The same day, large swathes of Italy were put under new coronavirus restrictions and experts said the new variants risked again overwhelming the country, exactly one year after it became the first Western epicenter of the pandemic.

The Italian government said the shipment was blocked because Australia was doing relatively well to contain the spread of the virus, and because of AstraZeneca's long-running delays to deliver vaccine doses to EU countries.

The decision comes as most European countries have stumbled in their vaccine rollouts, particularly compared to other Western nations such as the U.S., Israel and notably the UK following Brexit.
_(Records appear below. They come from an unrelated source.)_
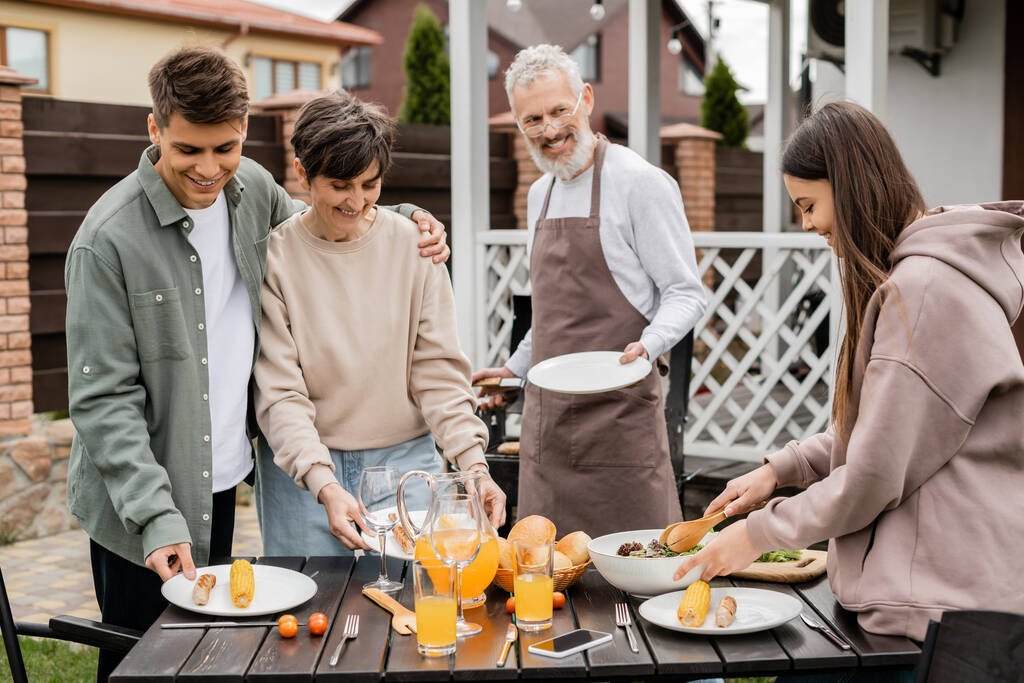 family bbq party, celebration of parents day, happy young adult son hugging middle aged mother, bearded father in apron looking at teenage daughter, backyard of family house  - Photo, Image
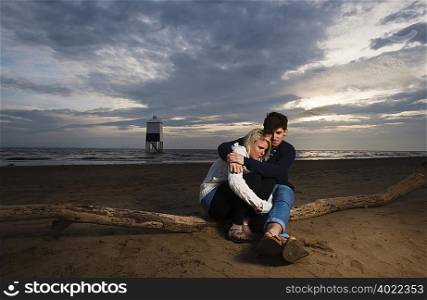 Couple on beach at sunset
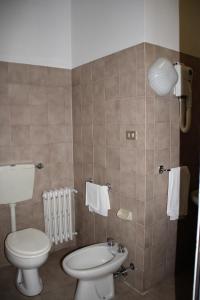 a bathroom with a toilet and a sink at Nuovo Hotel San Martino in Casalecchio di Reno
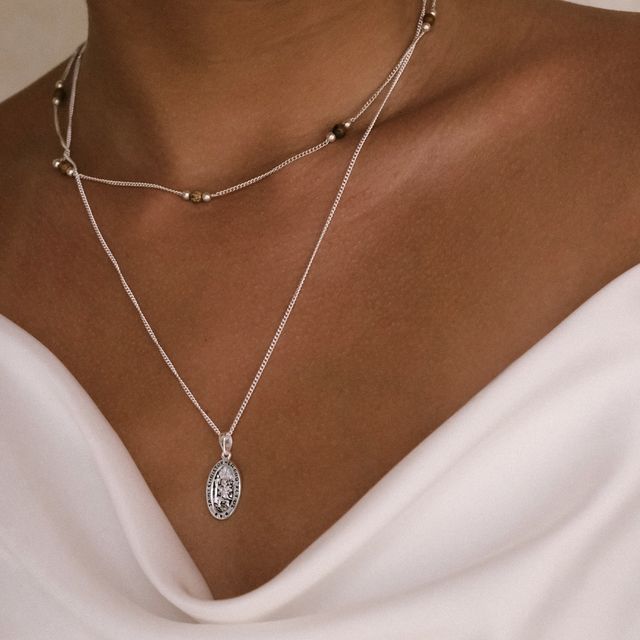 two layered silver necklaces on her 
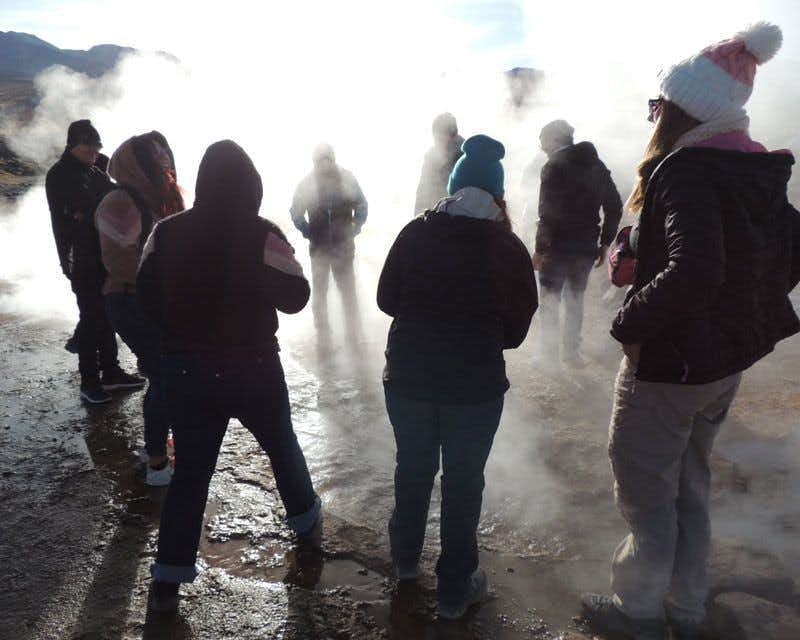guide expliquant les geysers et groupe de personnes à côté du vapeur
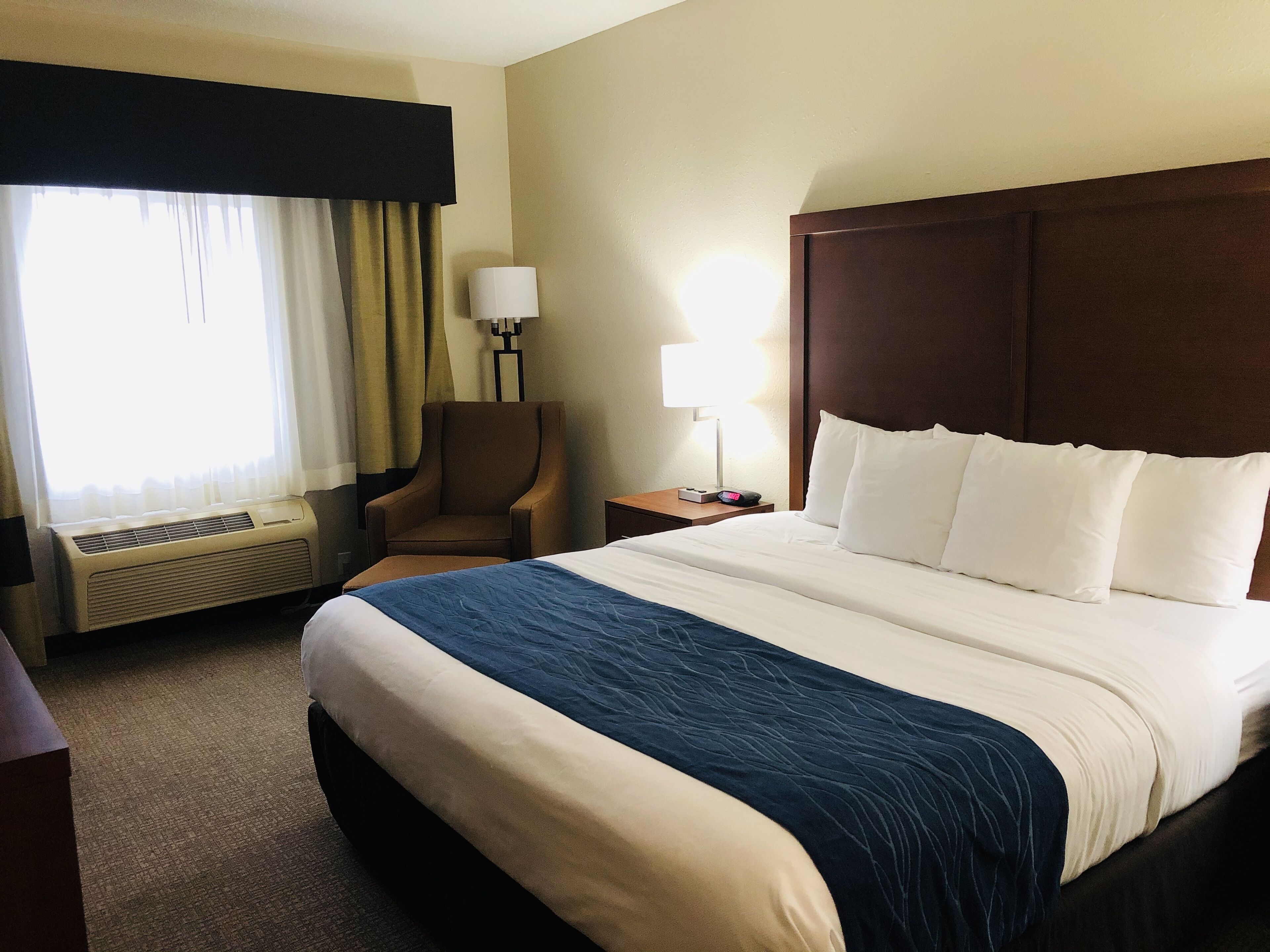 Una habitación de hotel con una cama grande, una silla, un escritorio, una lámpara y una ventana con cortinas.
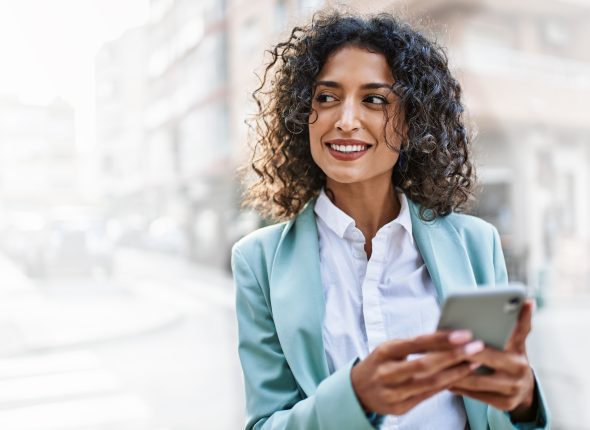 Young hispanic business woman wearing professional look smiling confident at the city using smartphone
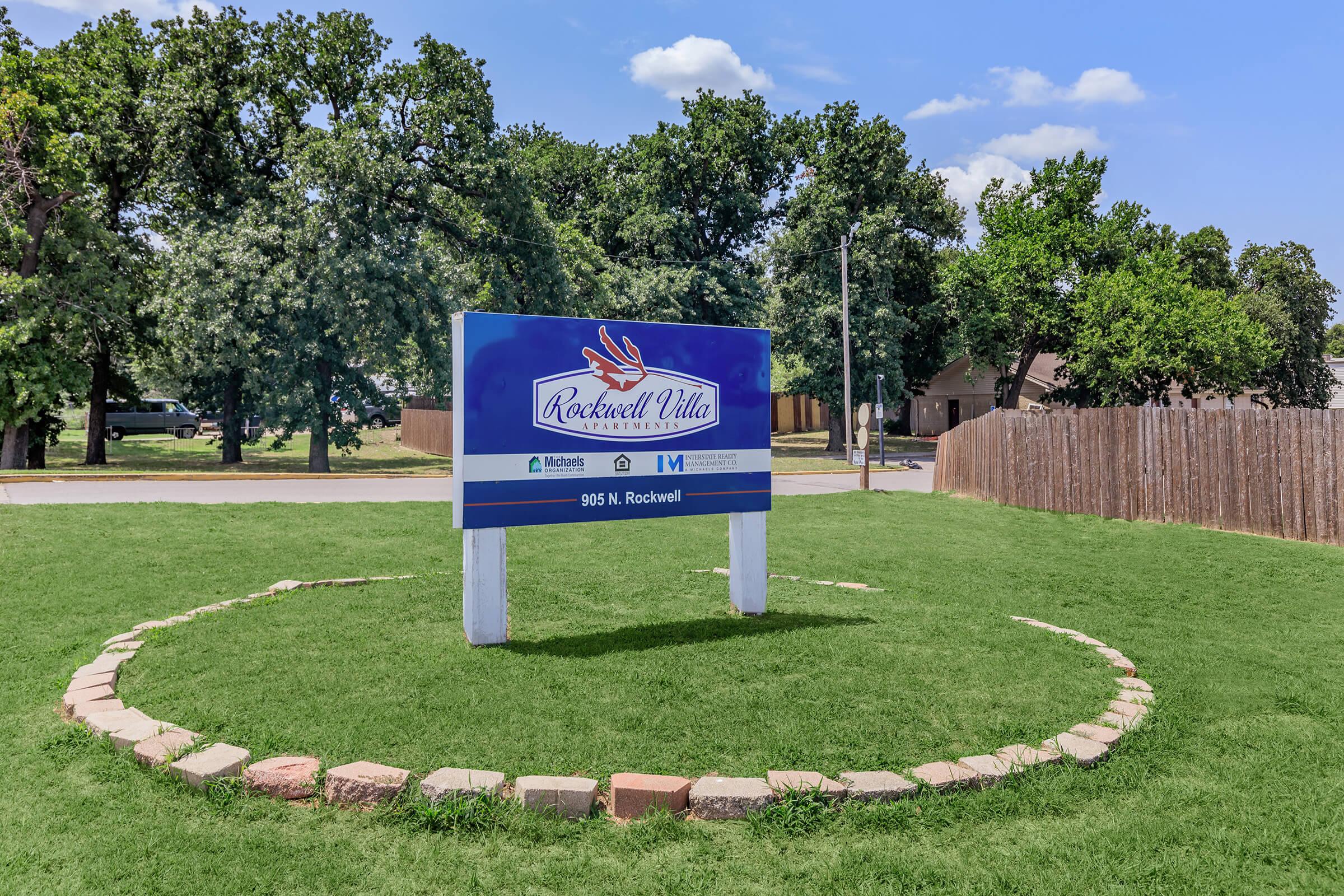 a large lawn in front of a sign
Draghi is the first leader of an EU country to apply new rules to give member states teeth to fight back against unfulfilled orders by the manufacturers of the different vaccines.

"Something has changed" headlined La Repubblica, while conservative-leaning daily Il Fogliohad a blunter take: "Welcome to the global vaccine war."

Today's health crisis is of course very different from the debt crisis of nine years ago — it's far too early to tell whether Draghi's vaccine strategy will also be vindicated by history. But for Europe, there's a certain déjà-vu in seeing its own particular vulnerability to the latest illness spreading around the world. "Whatever it takes…" and whatever that means for a continent still trying to figure out how to be stronger than the sum of its parts.